Completely overlooked was the fact that, despite all his league triumphs, Capello had won just one ‘cup’ in 15 years – the Supercoppa Italiana, the Calcio equivalent of the worthless Charity Shield.
He may have reached three successive Champions League finals between 1993-95, winning one with a legendary 4-0 thrashing of Johan Cruyff’s Barcelona ‘Dream Team’, but that was a long, long time ago in the kingdom of Far, Far Away. It is also questionable just how important he was in these journeys considering the fact he was continuing predecessor Arrigo Sacchi’s creation and boasted so many world class players provided to him by Silvio Berlusconi’s checkbook. Even in Athens in 1994, it was Capello’s nemesis Dejan Savicevic – disliked by the Italian for his individuality – who really made the difference.
And herein lies a reason why, since 1995, Capello’s cup record has been so disappointing. Once he managed to stamp his print on post-Sacchi Milan and his future clubs, it soon became clear that the former Italy international championed a brand of football suited to winning leagues and not cups.
Capello generally distrusted skillful, expressive and individual fantasistas like Savicevic, Roberto Baggio and even Ronaldo – stars who make the difference in one-off matches – preferring workers, physical machines and a pragmatic, efficient system of bullying the opposition.
This works during a long, arduous 38-game domestic season where ‘survival of the fittest’ and the grueling ability to grind out wins and draws, and struggle come rain or shine, is decisive. But in knockouts you need something extra, something special, and less workmanlike, and this is something Capello has never quite grasped.

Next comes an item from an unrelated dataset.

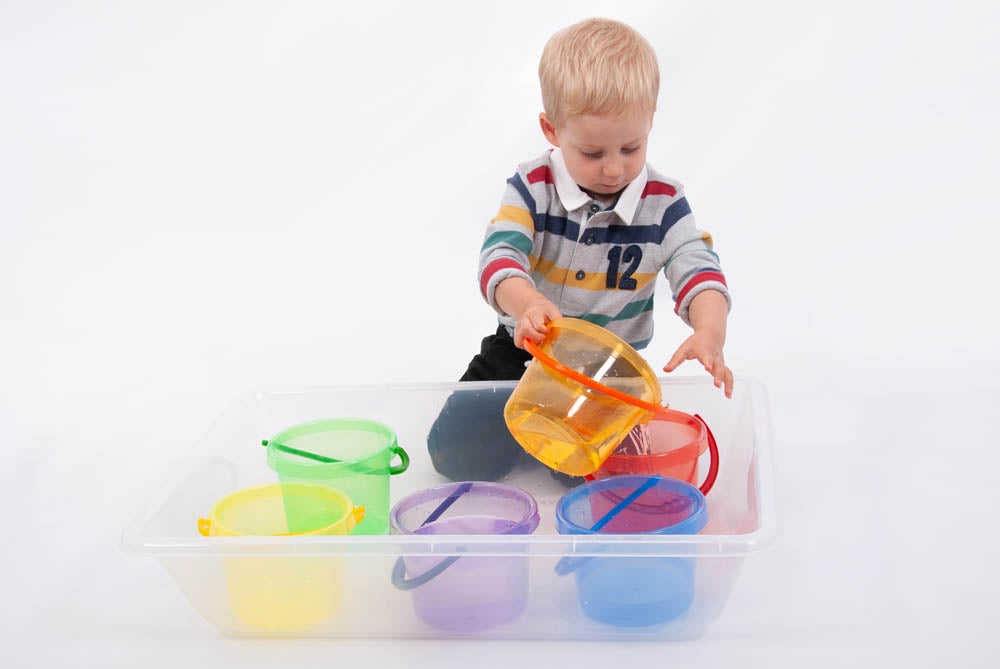 TickiT Translucent Colour Bucket Set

Since 1995, Capello’s record in the Champions League has been very poor. He has never once progressed further than the quarter finals, and almost all of his teams have been panned by the critics for the way they limped out of the competition. Juventus were like a damp squib when they lost in the last eight to Liverpool and Arsenal in 2005 and 2006 respectively, Real Madrid failed in the last 16 a season later, while Roma never even managed to make it to the CL knockouts during his five years at the Stadio Olimpico.

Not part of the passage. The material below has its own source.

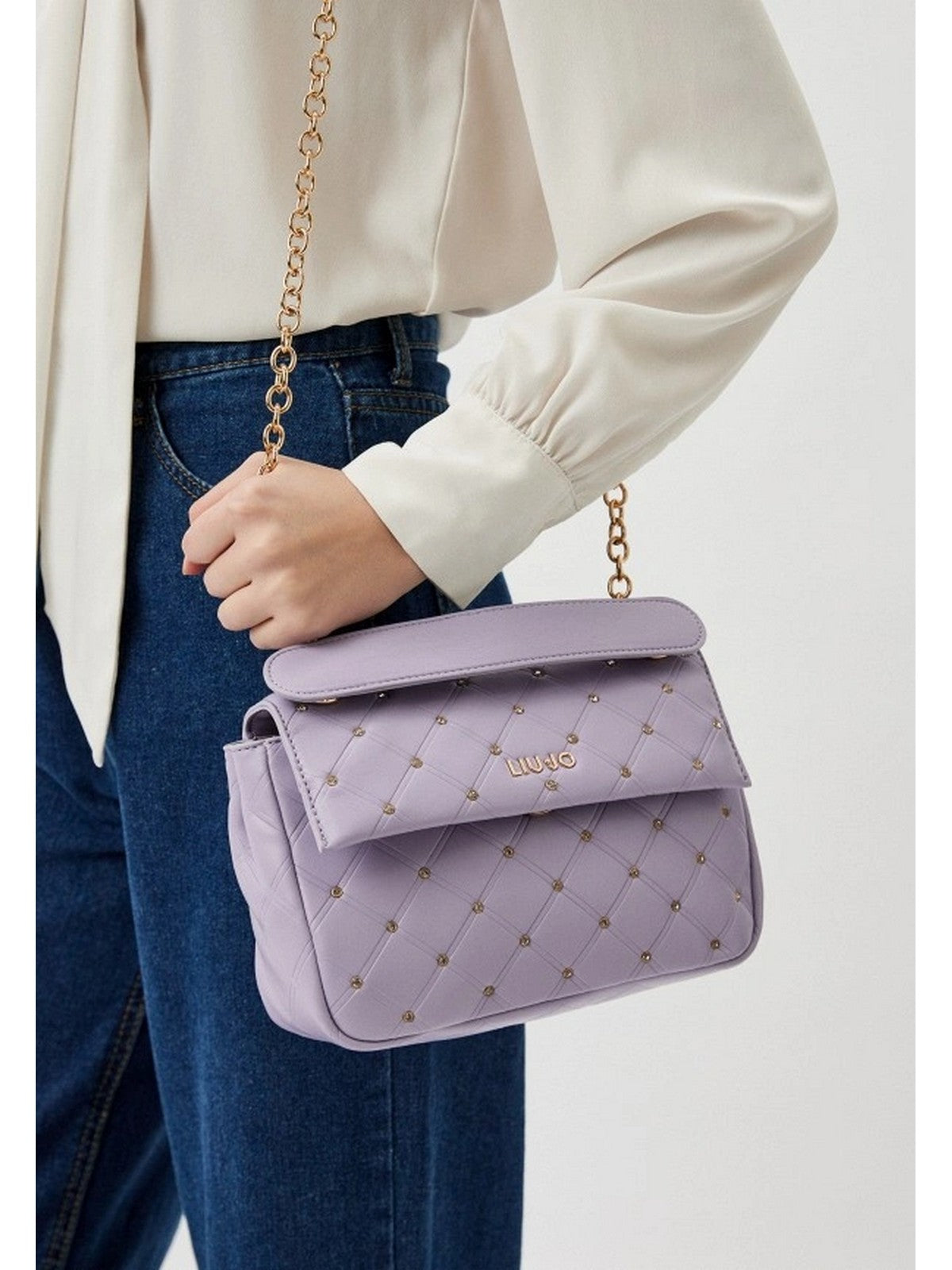 LIU JO ACCESSORIES Borsa Donna AA4185E0426 00172 Viola gioboutiqueweb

The stats that tell us Capello was never going to be England's miracle man:
|1||Number of 'cups' won by Capello in last 15 years
|0||Number of national cups won by Capello in managerial career
|0||Number of times Capello reached CL semis since 1995
||Number of times England won World Cup or Euros since 1966|
||Number of times England reached World Cup semis since 1966
|0||Percentage chance of Capello's England winning World Cup
It was only natural that these cup disappointments would continue during the 2010 World Cup this summer.

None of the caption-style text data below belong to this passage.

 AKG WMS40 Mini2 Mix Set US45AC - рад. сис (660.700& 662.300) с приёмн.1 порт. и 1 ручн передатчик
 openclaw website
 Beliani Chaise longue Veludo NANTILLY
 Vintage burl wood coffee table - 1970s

This became even more likely when Capello made the most catastrophic decision of his reign as England manager, as he opted to scrap the 4-2-3-1 system that had served him so well in qualifying, to a bog-standard 4-4-2 that has consistently failed The Three Lions for 40 years now.
Without going into too much detailed tactical discussion, it is simply too easy for a top team to dominate and play through a technically underprivileged England side using 4-4-2. Never was this more evident than during the 4-1 thumping by Germany yesterday afternoon. The outstanding player on the pitch, Mesut Oezil, continually found space between the two flat lines of four and caused havoc throughout. England also couldn’t cope with the devastatingly rapid counter-attacks, from which Thomas Mueller’s second half double arrived, but had Capello utilized two holding midfielders (in a 4-2-3-1) there would have been far more protection. For pedestrian center backs John Terry and Matthew Upson, in particular.
Offensively, England are too predictable in a 4-4-2. Steven Gerrard and Frank Lampard are incompatible in this system, while World Cup flop Wayne Rooney is also not at his best in a rigid formation. The 4-2-3-1 suited these players, and also gave the opposition something to think about. It remains a huge mystery why Capello ditched it.
The conclusion of this piece isn’t, as was the case with Italy and Marcello Lippi, that England’s World Cup disaster is purely down to the coach.
It is a well known fact that technically and tactically England are not good enough to win the World Cup, and that the English press build up laughably unrealistic expectations before every tournament, but Capello certainly made it impossible for them to punch above their weight.
The 64-year-old was never going to be the miracle man to take a consistently failing nation to World Cup glory, and the FA, media and sections of the public who bought that notion never truly understood not only their own team's shortcomings but also Capello's.